## What to do
Reproduce the entries exactly. Omit none of them.

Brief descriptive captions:
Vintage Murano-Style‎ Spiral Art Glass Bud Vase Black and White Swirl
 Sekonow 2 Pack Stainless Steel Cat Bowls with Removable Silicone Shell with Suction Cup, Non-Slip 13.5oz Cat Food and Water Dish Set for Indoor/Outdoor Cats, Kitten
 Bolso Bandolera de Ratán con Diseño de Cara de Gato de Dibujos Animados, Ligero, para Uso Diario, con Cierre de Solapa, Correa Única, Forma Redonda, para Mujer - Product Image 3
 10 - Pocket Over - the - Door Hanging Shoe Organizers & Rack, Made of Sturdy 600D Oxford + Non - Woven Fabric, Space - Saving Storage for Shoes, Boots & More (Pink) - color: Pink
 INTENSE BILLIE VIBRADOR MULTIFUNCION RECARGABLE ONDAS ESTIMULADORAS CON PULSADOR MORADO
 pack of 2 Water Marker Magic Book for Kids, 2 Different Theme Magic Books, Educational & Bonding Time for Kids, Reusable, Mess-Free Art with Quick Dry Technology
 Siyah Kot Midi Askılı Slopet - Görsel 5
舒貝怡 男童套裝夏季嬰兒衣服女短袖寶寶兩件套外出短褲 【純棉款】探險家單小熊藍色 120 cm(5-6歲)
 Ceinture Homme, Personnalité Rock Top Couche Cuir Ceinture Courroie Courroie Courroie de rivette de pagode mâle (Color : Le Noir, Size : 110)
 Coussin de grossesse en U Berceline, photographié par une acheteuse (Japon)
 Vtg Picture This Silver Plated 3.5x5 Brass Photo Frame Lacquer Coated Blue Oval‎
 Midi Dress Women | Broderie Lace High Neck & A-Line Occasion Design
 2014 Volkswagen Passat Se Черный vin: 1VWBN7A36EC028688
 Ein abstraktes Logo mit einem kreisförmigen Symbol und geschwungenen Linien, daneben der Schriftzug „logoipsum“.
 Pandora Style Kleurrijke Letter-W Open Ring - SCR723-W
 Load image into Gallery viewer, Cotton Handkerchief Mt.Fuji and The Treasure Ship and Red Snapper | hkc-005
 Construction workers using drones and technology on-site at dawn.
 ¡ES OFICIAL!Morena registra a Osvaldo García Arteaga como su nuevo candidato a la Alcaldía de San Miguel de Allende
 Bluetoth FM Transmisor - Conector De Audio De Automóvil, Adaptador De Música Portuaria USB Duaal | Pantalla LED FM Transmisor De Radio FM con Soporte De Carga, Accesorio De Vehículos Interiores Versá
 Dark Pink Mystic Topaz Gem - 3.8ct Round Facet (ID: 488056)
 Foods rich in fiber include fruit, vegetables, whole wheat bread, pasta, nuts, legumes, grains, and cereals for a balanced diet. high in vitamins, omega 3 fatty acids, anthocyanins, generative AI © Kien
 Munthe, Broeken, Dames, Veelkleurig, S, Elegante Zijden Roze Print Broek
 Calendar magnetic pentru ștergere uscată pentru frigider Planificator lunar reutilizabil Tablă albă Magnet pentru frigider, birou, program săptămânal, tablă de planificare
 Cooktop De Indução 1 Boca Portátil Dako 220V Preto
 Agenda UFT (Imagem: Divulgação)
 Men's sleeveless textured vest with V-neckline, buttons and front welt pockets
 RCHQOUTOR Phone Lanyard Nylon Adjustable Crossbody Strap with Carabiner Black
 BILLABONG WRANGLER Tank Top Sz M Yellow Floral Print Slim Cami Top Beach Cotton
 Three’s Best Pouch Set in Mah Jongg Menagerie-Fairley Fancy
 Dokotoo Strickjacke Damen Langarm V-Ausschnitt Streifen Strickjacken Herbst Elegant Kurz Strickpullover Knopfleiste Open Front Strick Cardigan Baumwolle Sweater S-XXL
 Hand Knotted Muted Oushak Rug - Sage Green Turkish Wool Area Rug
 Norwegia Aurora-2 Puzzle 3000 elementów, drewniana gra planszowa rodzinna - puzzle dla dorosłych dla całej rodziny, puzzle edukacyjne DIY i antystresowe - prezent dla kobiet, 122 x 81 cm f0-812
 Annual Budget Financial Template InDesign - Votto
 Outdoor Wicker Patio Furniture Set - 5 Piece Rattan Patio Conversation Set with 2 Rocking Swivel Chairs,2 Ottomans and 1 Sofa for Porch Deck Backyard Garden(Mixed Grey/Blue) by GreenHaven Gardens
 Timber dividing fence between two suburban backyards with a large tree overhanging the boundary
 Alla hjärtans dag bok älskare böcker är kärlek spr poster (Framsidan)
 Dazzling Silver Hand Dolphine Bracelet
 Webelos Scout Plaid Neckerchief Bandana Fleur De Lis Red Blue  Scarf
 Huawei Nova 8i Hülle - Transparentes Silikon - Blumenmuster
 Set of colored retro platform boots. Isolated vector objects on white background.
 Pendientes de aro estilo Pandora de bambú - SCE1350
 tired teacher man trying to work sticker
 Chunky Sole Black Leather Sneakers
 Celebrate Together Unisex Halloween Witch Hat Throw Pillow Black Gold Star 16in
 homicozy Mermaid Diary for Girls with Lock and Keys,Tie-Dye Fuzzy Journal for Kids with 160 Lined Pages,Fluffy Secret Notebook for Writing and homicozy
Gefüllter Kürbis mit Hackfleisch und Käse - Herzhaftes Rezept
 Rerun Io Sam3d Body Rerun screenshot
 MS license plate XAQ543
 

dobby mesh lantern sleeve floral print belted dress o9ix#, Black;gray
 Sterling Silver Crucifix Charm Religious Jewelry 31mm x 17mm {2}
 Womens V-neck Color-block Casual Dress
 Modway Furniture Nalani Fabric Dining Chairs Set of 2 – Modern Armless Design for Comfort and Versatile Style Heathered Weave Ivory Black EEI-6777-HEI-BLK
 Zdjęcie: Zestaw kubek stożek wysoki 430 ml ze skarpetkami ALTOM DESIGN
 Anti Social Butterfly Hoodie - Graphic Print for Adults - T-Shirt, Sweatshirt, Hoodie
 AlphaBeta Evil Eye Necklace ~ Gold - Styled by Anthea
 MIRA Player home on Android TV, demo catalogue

## Task response
Vintage Murano-Style‎ Spiral Art Glass Bud Vase Black and White Swirl
 Sekonow 2 Pack Stainless Steel Cat Bowls with Removable Silicone Shell with Suction Cup, Non-Slip 13.5oz Cat Food and Water Dish Set for Indoor/Outdoor Cats, Kitten
 Bolso Bandolera de Ratán con Diseño de Cara de Gato de Dibujos Animados, Ligero, para Uso Diario, con Cierre de Solapa, Correa Única, Forma Redonda, para Mujer - Product Image 3
 10 - Pocket Over - the - Door Hanging Shoe Organizers & Rack, Made of Sturdy 600D Oxford + Non - Woven Fabric, Space - Saving Storage for Shoes, Boots & More (Pink) - color: Pink
 INTENSE BILLIE VIBRADOR MULTIFUNCION RECARGABLE ONDAS ESTIMULADORAS CON PULSADOR MORADO
 pack of 2 Water Marker Magic Book for Kids, 2 Different Theme Magic Books, Educational & Bonding Time for Kids, Reusable, Mess-Free Art with Quick Dry Technology
 Siyah Kot Midi Askılı Slopet - Görsel 5
舒貝怡 男童套裝夏季嬰兒衣服女短袖寶寶兩件套外出短褲 【純棉款】探險家單小熊藍色 120 cm(5-6歲)
 Ceinture Homme, Personnalité Rock Top Couche Cuir Ceinture Courroie Courroie Courroie de rivette de pagode mâle (Color : Le Noir, Size : 110)
 Coussin de grossesse en U Berceline, photographié par une acheteuse (Japon)
 Vtg Picture This Silver Plated 3.5x5 Brass Photo Frame Lacquer Coated Blue Oval‎
 Midi Dress Women | Broderie Lace High Neck & A-Line Occasion Design
 2014 Volkswagen Passat Se Черный vin: 1VWBN7A36EC028688
 Ein abstraktes Logo mit einem kreisförmigen Symbol und geschwungenen Linien, daneben der Schriftzug „logoipsum“.
 Pandora Style Kleurrijke Letter-W Open Ring - SCR723-W
 Load image into Gallery viewer, Cotton Handkerchief Mt.Fuji and The Treasure Ship and Red Snapper | hkc-005
 Construction workers using drones and technology on-site at dawn.
 ¡ES OFICIAL!Morena registra a Osvaldo García Arteaga como su nuevo candidato a la Alcaldía de San Miguel de Allende
 Bluetoth FM Transmisor - Conector De Audio De Automóvil, Adaptador De Música Portuaria USB Duaal | Pantalla LED FM Transmisor De Radio FM con Soporte De Carga, Accesorio De Vehículos Interiores Versá
 Dark Pink Mystic Topaz Gem - 3.8ct Round Facet (ID: 488056)
 Foods rich in fiber include fruit, vegetables, whole wheat bread, pasta, nuts, legumes, grains, and cereals for a balanced diet. high in vitamins, omega 3 fatty acids, anthocyanins, generative AI © Kien
 Munthe, Broeken, Dames, Veelkleurig, S, Elegante Zijden Roze Print Broek
 Calendar magnetic pentru ștergere uscată pentru frigider Planificator lunar reutilizabil Tablă albă Magnet pentru frigider, birou, program săptămânal, tablă de planificare
 Cooktop De Indução 1 Boca Portátil Dako 220V Preto
 Agenda UFT (Imagem: Divulgação)
 Men's sleeveless textured vest with V-neckline, buttons and front welt pockets
 RCHQOUTOR Phone Lanyard Nylon Adjustable Crossbody Strap with Carabiner Black
 BILLABONG WRANGLER Tank Top Sz M Yellow Floral Print Slim Cami Top Beach Cotton
 Three’s Best Pouch Set in Mah Jongg Menagerie-Fairley Fancy
 Dokotoo Strickjacke Damen Langarm V-Ausschnitt Streifen Strickjacken Herbst Elegant Kurz Strickpullover Knopfleiste Open Front Strick Cardigan Baumwolle Sweater S-XXL
 Hand Knotted Muted Oushak Rug - Sage Green Turkish Wool Area Rug
 Norwegia Aurora-2 Puzzle 3000 elementów, drewniana gra planszowa rodzinna - puzzle dla dorosłych dla całej rodziny, puzzle edukacyjne DIY i antystresowe - prezent dla kobiet, 122 x 81 cm f0-812
 Annual Budget Financial Template InDesign - Votto
 Outdoor Wicker Patio Furniture Set - 5 Piece Rattan Patio Conversation Set with 2 Rocking Swivel Chairs,2 Ottomans and 1 Sofa for Porch Deck Backyard Garden(Mixed Grey/Blue) by GreenHaven Gardens
 Timber dividing fence between two suburban backyards with a large tree overhanging the boundary
 Alla hjärtans dag bok älskare böcker är kärlek spr poster (Framsidan)
 Dazzling Silver Hand Dolphine Bracelet
 Webelos Scout Plaid Neckerchief Bandana Fleur De Lis Red Blue  Scarf
 Huawei Nova 8i Hülle - Transparentes Silikon - Blumenmuster
 Set of colored retro platform boots. Isolated vector objects on white background.
 Pendientes de aro estilo Pandora de bambú - SCE1350
 tired teacher man trying to work sticker
 Chunky Sole Black Leather Sneakers
 Celebrate Together Unisex Halloween Witch Hat Throw Pillow Black Gold Star 16in
 homicozy Mermaid Diary for Girls with Lock and Keys,Tie-Dye Fuzzy Journal for Kids with 160 Lined Pages,Fluffy Secret Notebook for Writing and homicozy
Gefüllter Kürbis mit Hackfleisch und Käse - Herzhaftes Rezept
 Rerun Io Sam3d Body Rerun screenshot
 MS license plate XAQ543
 

dobby mesh lantern sleeve floral print belted dress o9ix#, Black;gray
 Sterling Silver Crucifix Charm Religious Jewelry 31mm x 17mm {2}
 Womens V-neck Color-block Casual Dress
 Modway Furniture Nalani Fabric Dining Chairs Set of 2 – Modern Armless Design for Comfort and Versatile Style Heathered Weave Ivory Black EEI-6777-HEI-BLK
 Zdjęcie: Zestaw kubek stożek wysoki 430 ml ze skarpetkami ALTOM DESIGN
 Anti Social Butterfly Hoodie - Graphic Print for Adults - T-Shirt, Sweatshirt, Hoodie
 AlphaBeta Evil Eye Necklace ~ Gold - Styled by Anthea
 MIRA Player home on Android TV, demo catalogue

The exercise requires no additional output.